- **Data provided**
--------------------------------------------------
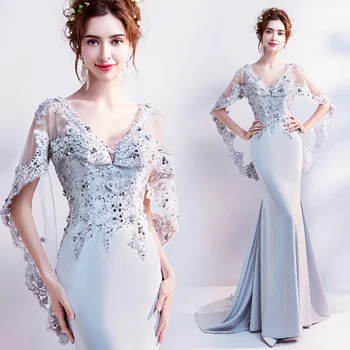 Вечерна рокля Хонг Hu за жени 2023, стилен сребристо-сиво булчинската рокля на булката знаменитост за дебют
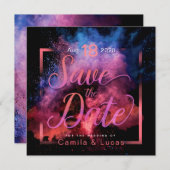 鮮やかなホーリーの粉のデザイン セーブザデート (正面/裏面)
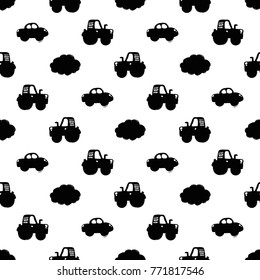 Modern kids b&w seamless pattern with car, cloud, tractor, handprint, footprint, heart. Hand drawn graphic black and white cute minimalistic scandinavian cartoon elements isolated on white background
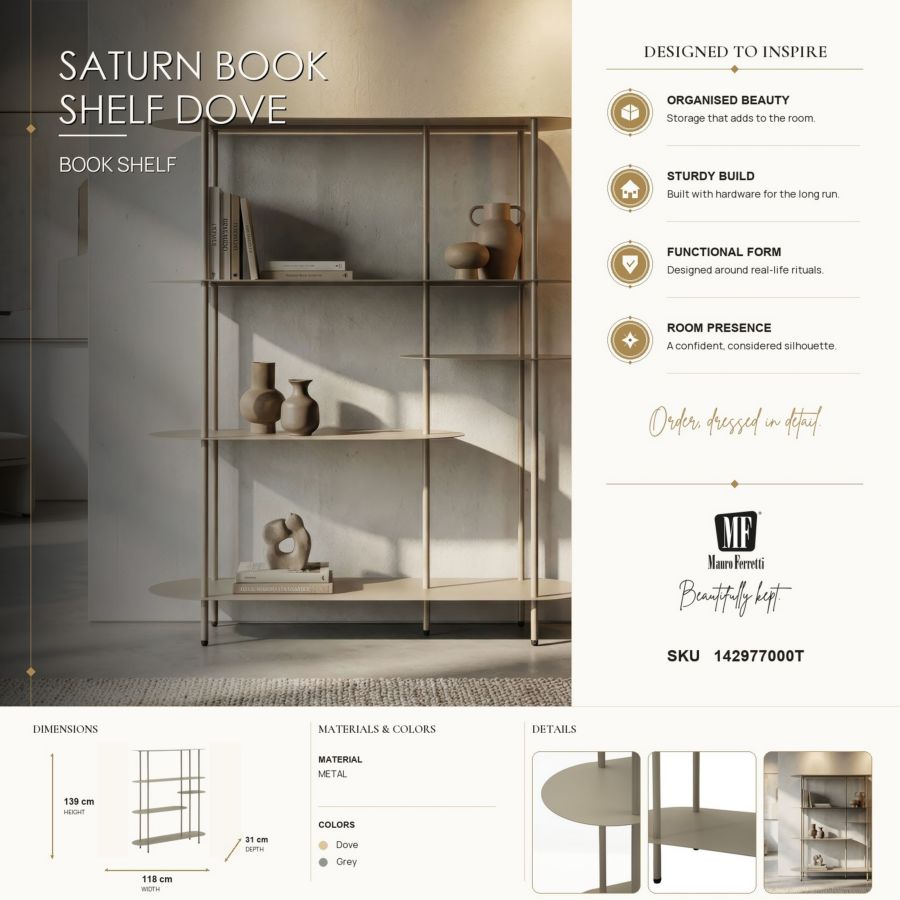 Libreria saturno tortora cm 118x31x139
--------------------------------------------------
- **Task requirements**
Word-for-word transcription: the whole listing, with images excluded.

- **Result of this task**
 Вечерна рокля Хонг Hu за жени 2023, стилен сребристо-сиво булчинската рокля на булката знаменитост за дебют
 鮮やかなホーリーの粉のデザイン セーブザデート (正面/裏面)
 Modern kids b&w seamless pattern with car, cloud, tractor, handprint, footprint, heart. Hand drawn graphic black and white cute minimalistic scandinavian cartoon elements isolated on white background
 Libreria saturno tortora cm 118x31x139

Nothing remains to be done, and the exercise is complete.